Published: Wed, 20 September 2023
Seán Kelly, MEP for Ireland South, has emphasised the importance of the proposed revision of the Energy Performance of Buildings Directive (EPBD). The proposed changes to the EPBD aim to set new energy performance standards and decarbonize the building sector, with a particular focus on revising national building renovation plans.
Kelly underscored the significance of the EPBD in the broader context of Europe’s energy transition, stating, “The uncomfortable truth is that other pieces of legislation aiming to decarbonise the building sector are simply not enough. The EPBD is needed. The deployment of renewable energy at full scale will not be enough as it would be either too expensive or technically not feasible. We need the combination of both net zero energy and energy efficiency.”
While acknowledging that some have highlighted the Emissions Trading System (ETS) as a solution, Mr. Kelly pointed out, “The ETS can only address economic and financial barriers, but only partly. However, there are other well-known barriers to renovations that cannot be addressed effectively by the ETS and by increasing the energy bill of households.”

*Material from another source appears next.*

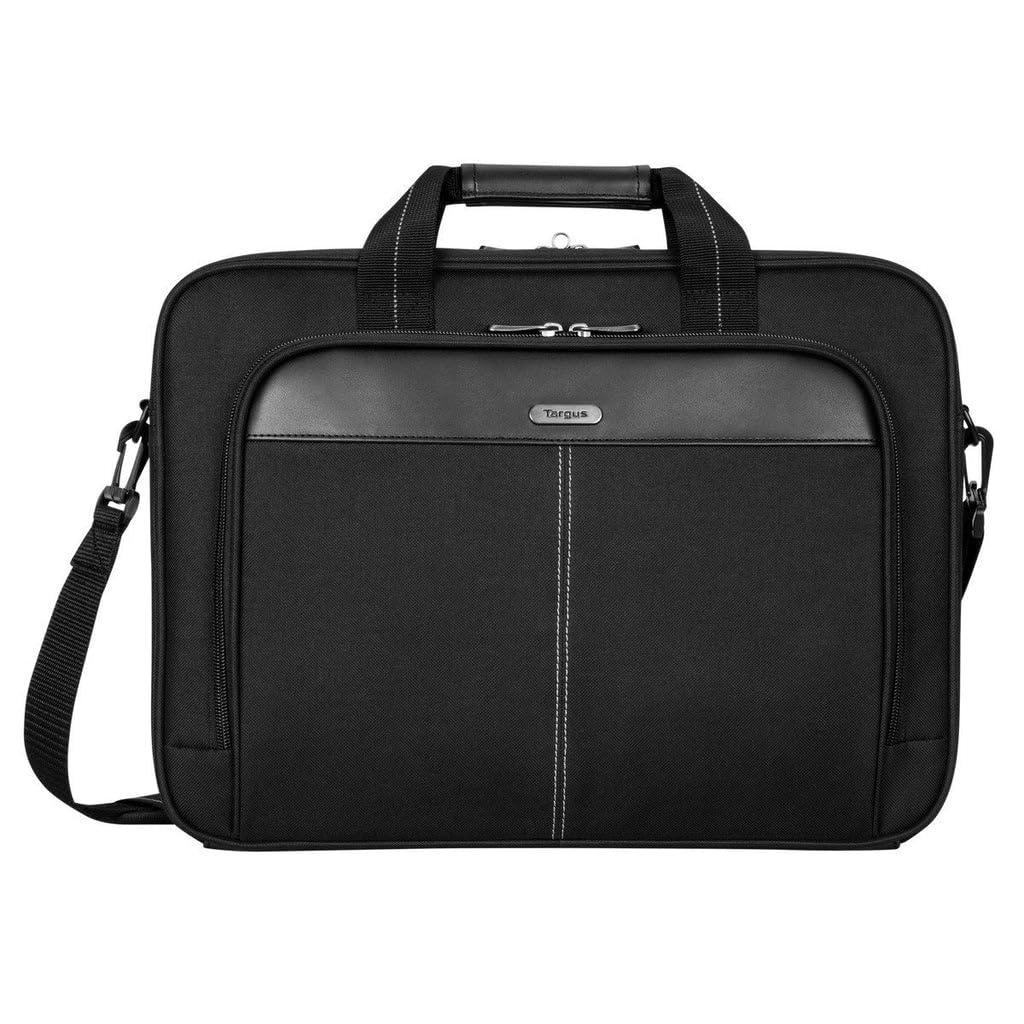Targus unisex-adult Slim Briefcase With Crossbody Shoulder Bag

Addressing concerns and misinformation surrounding the EPBD, Kelly emphasised the need to get the legislation right, saying, “I appreciate that this is a difficult piece of legislation as it hits at the heart of everyday life of citizens, and that’s why we need to get it right. However, this should not be just about playing the politics of today, while ignoring our needs in the future. The do nothing approach helps nobody.”
Kelly has actively engaged with his constituents on this issue, stating, “I have had many conversations with constituents and have held several meetings on this topic. What’s clear to me is that people want to renovate their homes. They do not want to be exposed to energy price hikes, and we should help them by providing the tools and supports.”
He also countered claims that the EPBD would negatively impact citizens, saying, “The EPBD targets worst-performing buildings, but to say it would endanger social peace is ridiculous in my view. Low EPC rated buildings will be less valuable regardless of the EPBD. Instead, without it, we would make it harder for people to renovate.”
Regarding the ongoing negotiations, Mr. Kelly expressed optimism, saying, “We are still in negotiations, which I feel are moving in the right direction. I have advocated for a flexible approach, and when it is all said and done, I believe that citizens will be able to see through the populist political rhetoric and realize that this piece of legislation primarily is about enabling renovations.”
Kelly concluded by stating that “safeguards and financial supports will be put in place, one-stop-shops will help people find the most cost effective solutions and issues of skills shortages will have to be addressed. It is important to note that the EPBD will have a positive impact on the building value chain and job creation”.